Started by theunknownguy, June 24, 2010, 08:14:28 AM

Previous topic - Next topic

theunknownguy

Quote from: hutch-- on June 25, 2010, 11:00:11 AM
Alignment in data is a direct read speed issue, put data misaligned across the data size boundaries and the processor must make 2 reads to get it and that makes your read speeds slow. Code alignment is another matter, for all of the theory its useful to have but it still tends to work on a "suck it and see" approach. Sometimes you see speed gains and sometimes you see the code go slower by aligning it.

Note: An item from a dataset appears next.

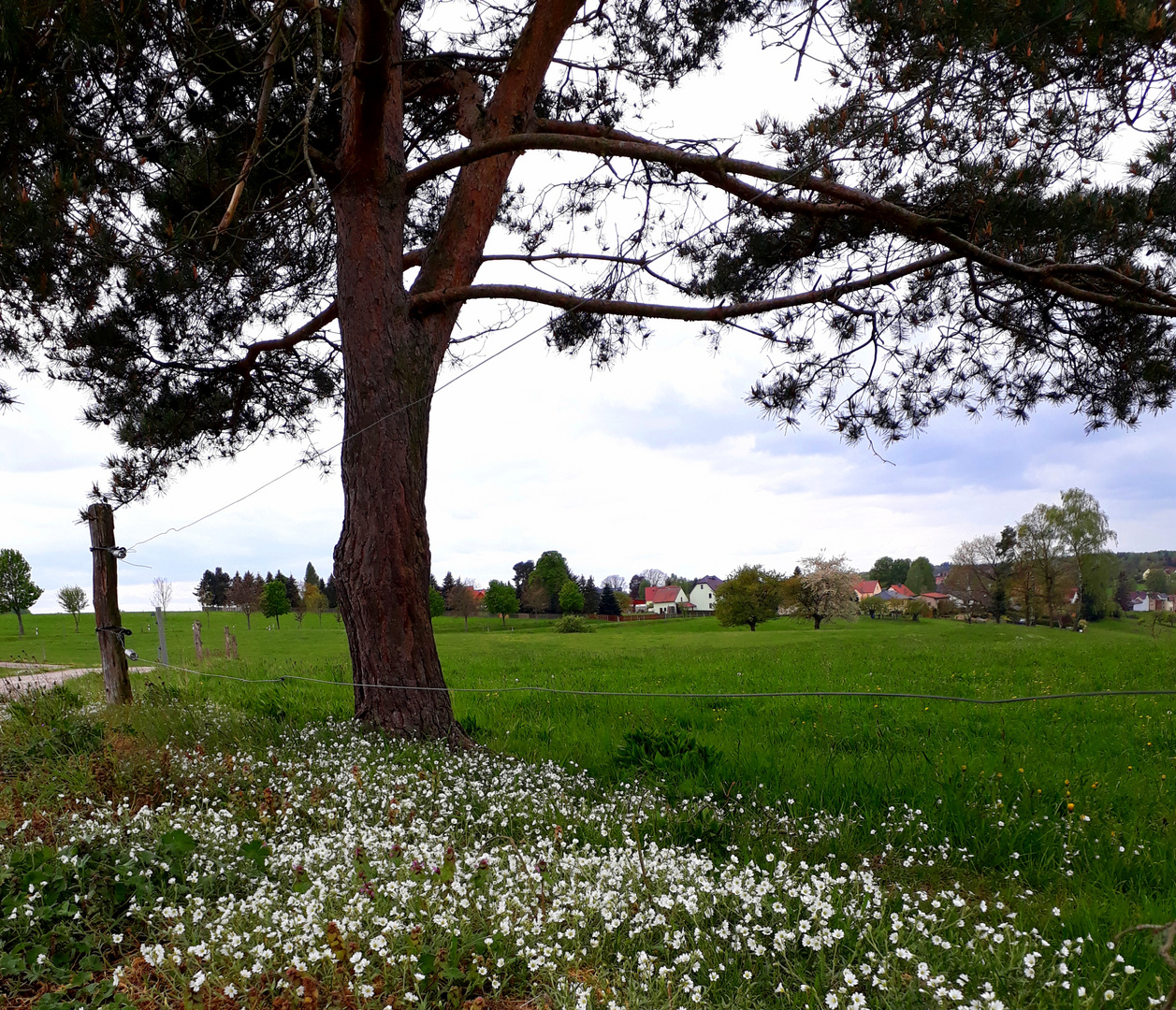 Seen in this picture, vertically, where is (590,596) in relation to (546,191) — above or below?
below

You can nearly always align a label by 4 bytes and if its a jump target its safe enough to do but be aware that there are cases where fast code gets slower by aligning the leading labels.

Thanks hutch, yes i understand aligment its due the prefetch at least on Core2Duo it still 16 bytes per read.
But predecode a NOP vs a prefix could be different or dont?

The aligment option will fill gaps with NOP or redundant opcodes. But reading a little forward the prefix like 64h or 32h seems ignored right away. Does NOP or redundant opcodes are ignored that way? that could avoid wasting a little speed.

(I dont know also if aligment of compiler does set branch prefixes, but i guess they dont)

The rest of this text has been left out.